# RECORDS FOR THIS EXERCISE
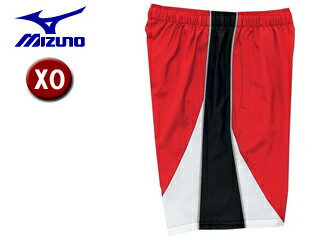 mizuno/ミズノ N2JD7021-69 トレーニングクロスハーフパンツ 【XO】 （レッド×ブラック）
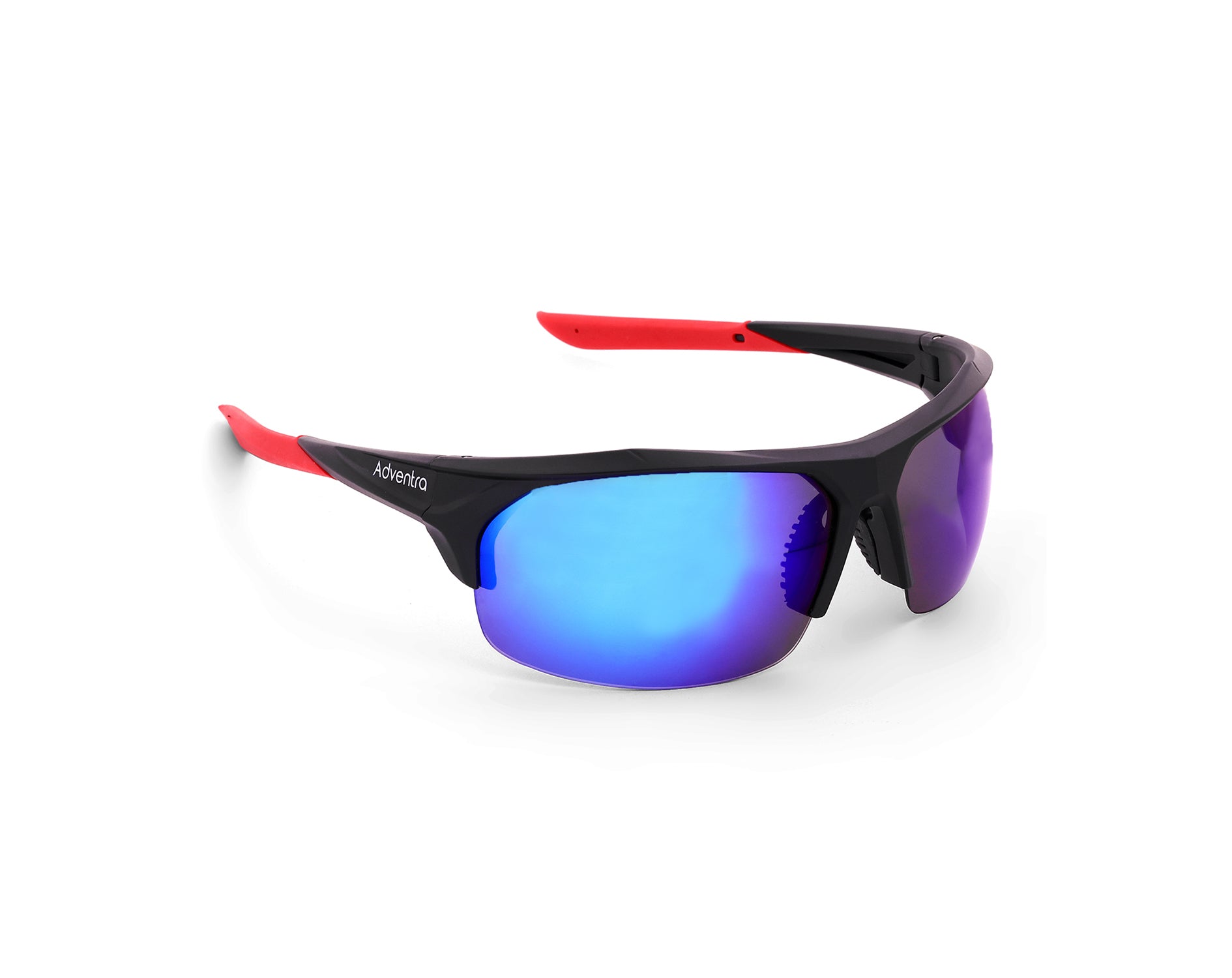 Polarised Wraparound Sunglasses with Revo Coated Lens – Red-Blue (WH1104)-thumbmail-5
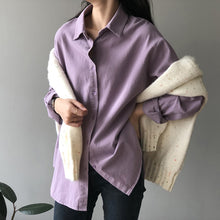 Load image into Gallery viewer, 2023 Spring New Design Women Fashion Casual Oversized Shirts

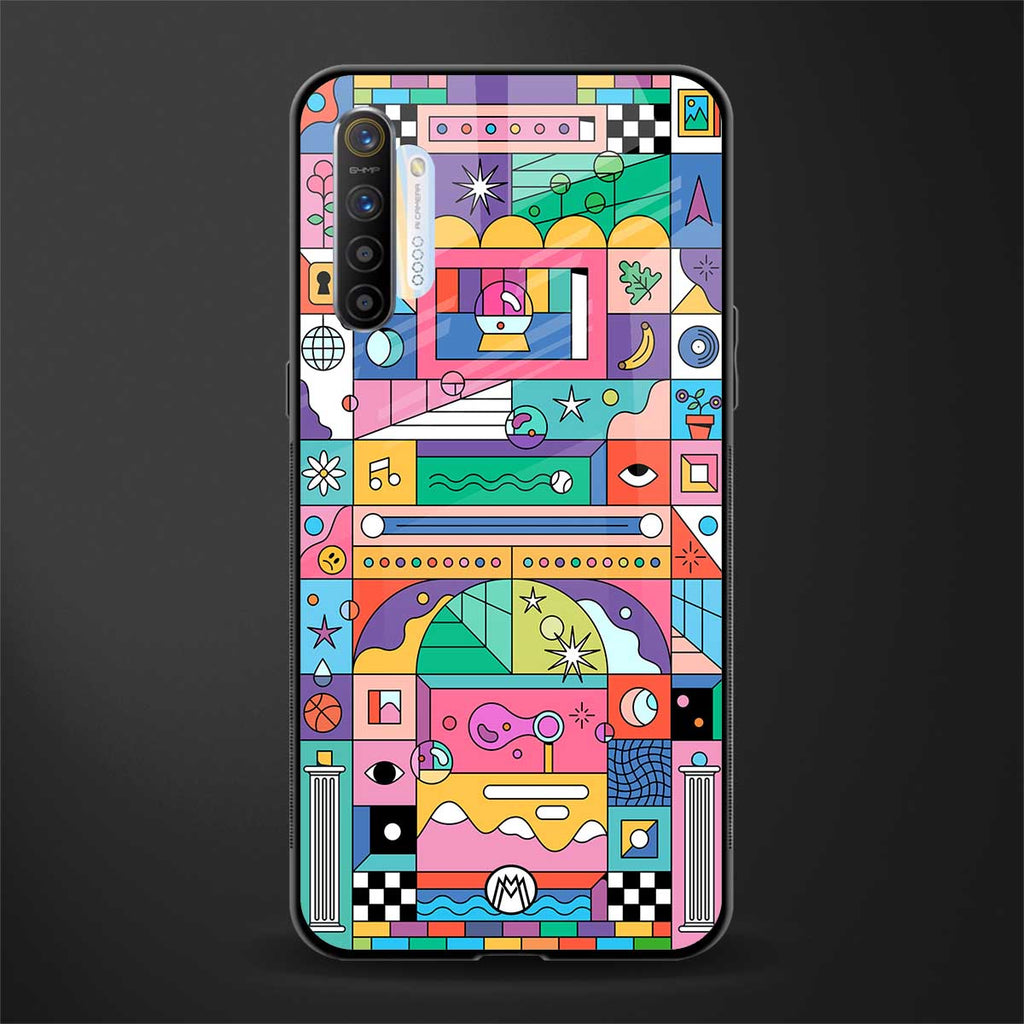 jamie's illustration glass case for realme x2 image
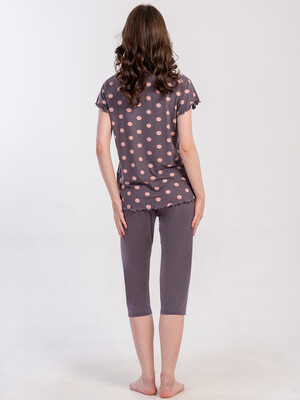 Купить Бавовняний літній комплект (футболка + капрі) VIENETTA 5032880323 в Украина в Lingerie.ua - Одяг для дому та відпочинку, Фото 7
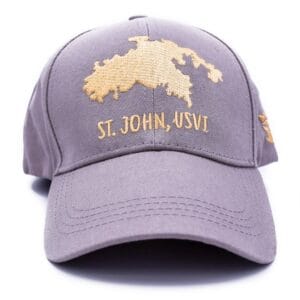 St. John Map Hat (Gray)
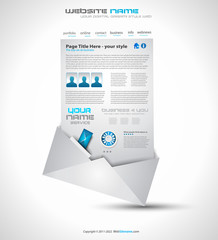 Poster - Postage high tech Website - Elegant Design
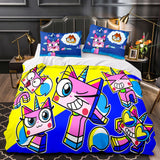 Laden Sie das Bild in den Galerie-Viewer, Unikitty Bettwäsche-Set Quilt Bettbezug Bettwäsche-Sets Kindergeburtstagsgeschenk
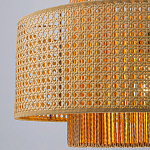 Подвесной светильник с абажуром из плтеного бамбука Light Inside the Cell варинант исполнения - 4 | Loft Concept в Воронеже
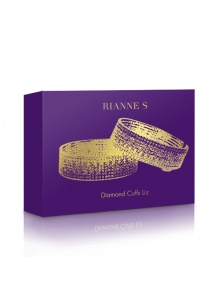 Kajdanki ozdobne typu mesh - RS Icons Diamond Handcuffs Liz  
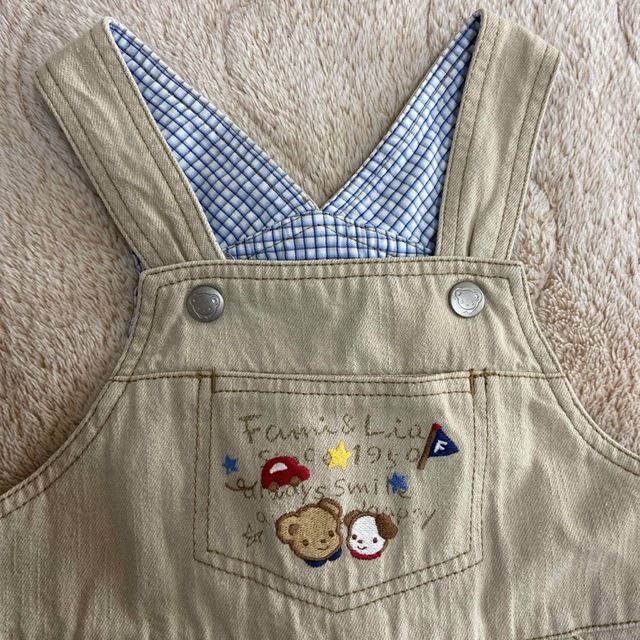 familiar(ファミリア)のファミリア　♡ サロペット　90 キッズ/ベビー/マタニティのキッズ服男の子用(90cm~)(その他)の商品写真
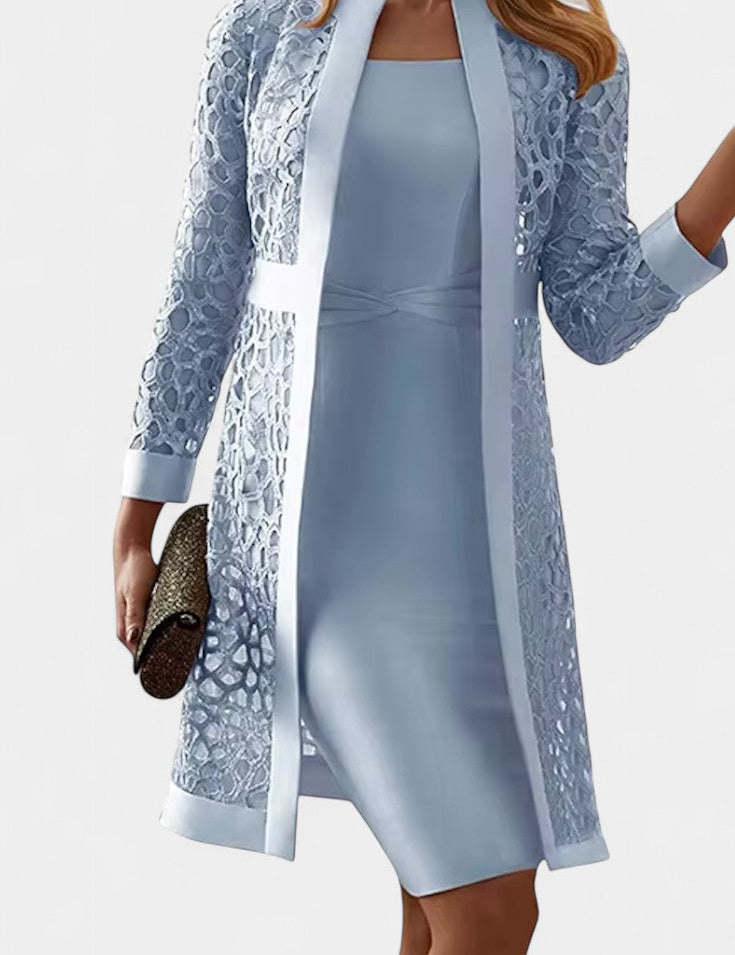 Freya Conjunto de Vestido de Dos Piezas con Encaje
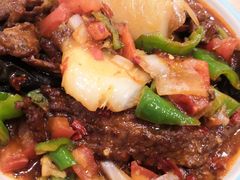 -歹歹的加个面过油肉拌面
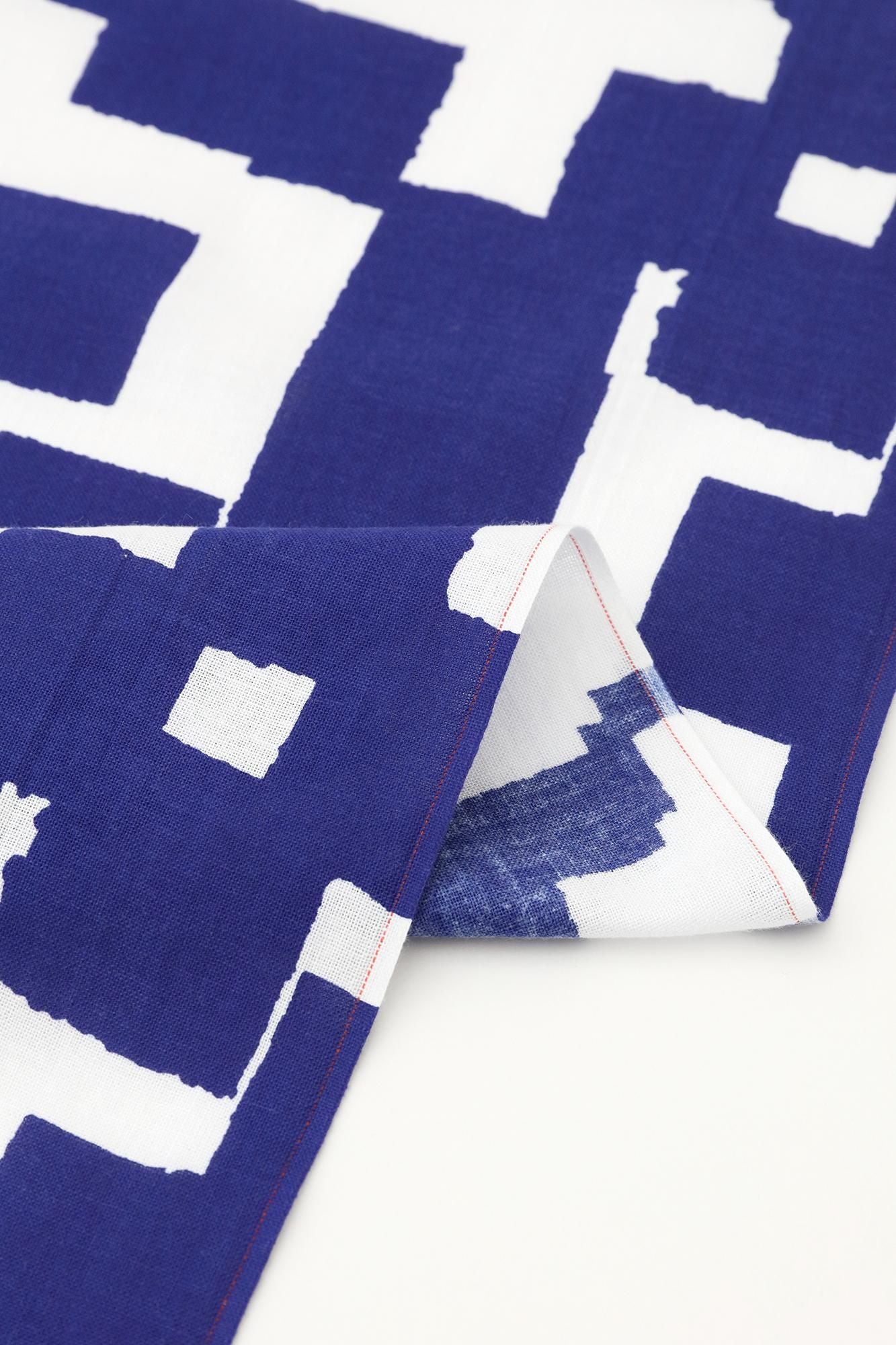 Ise Momen Textil-Tenugui/Ikubaku-Muster (Moyo)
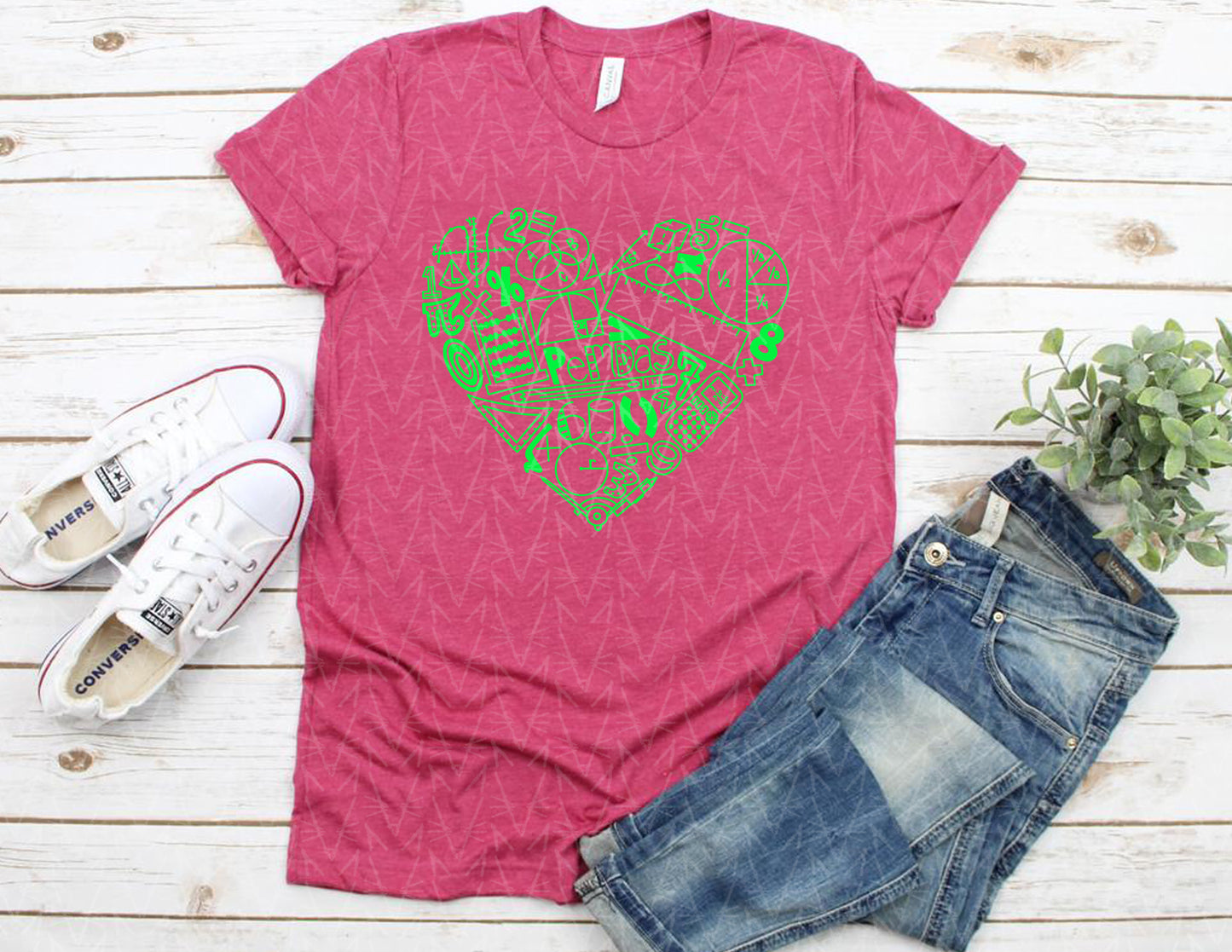 Add Some Love & Multiply It Shirt (Summer Color Combo)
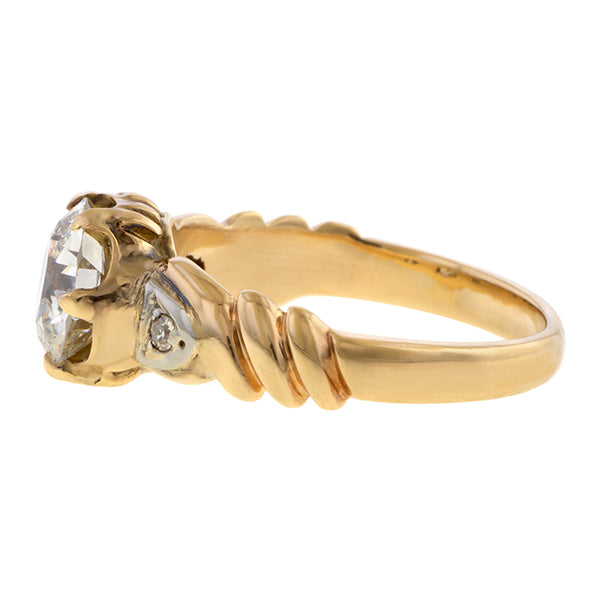 Antique Engagement Ring, Old Euro 1.18ct. sold by Doyle and Doyle an antique and vintage jewelry boutique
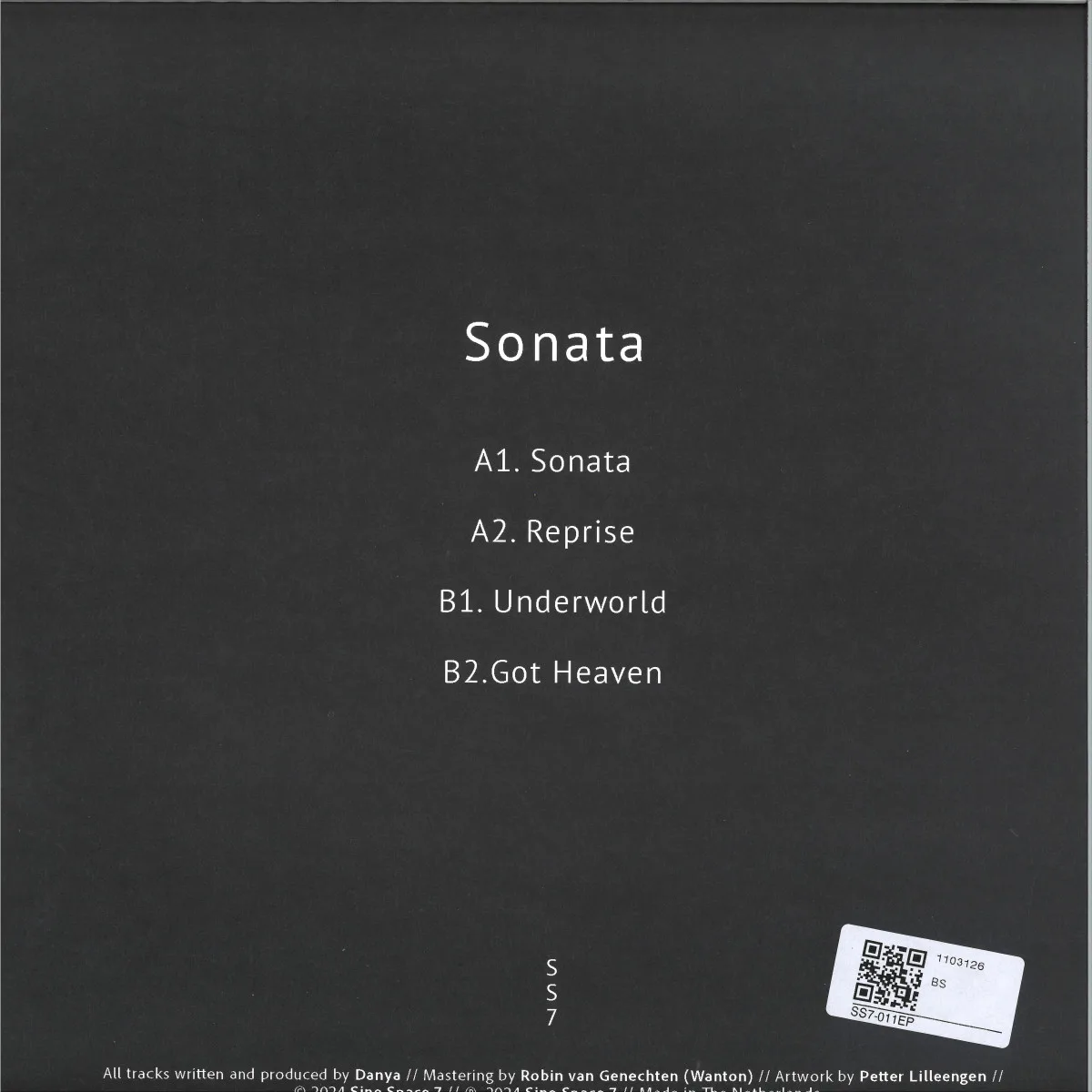 Back cover — Danya — Sonata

# TASK INSTRUCTIONS
Above are some records. Reproduce the lines from the one with "jamie's illustration glass" down to the one with "Poster - Postage", keeping both, and leave every picture out.

# SOLUTION TO THE PROBLEM
 jamie's illustration glass case for realme x2 image
 Купить Бавовняний літній комплект (футболка + капрі) VIENETTA 5032880323 в Украина в Lingerie.ua - Одяг для дому та відпочинку, Фото 7
 St. John Map Hat (Gray)
 Poster - Postage high tech Website - Elegant Design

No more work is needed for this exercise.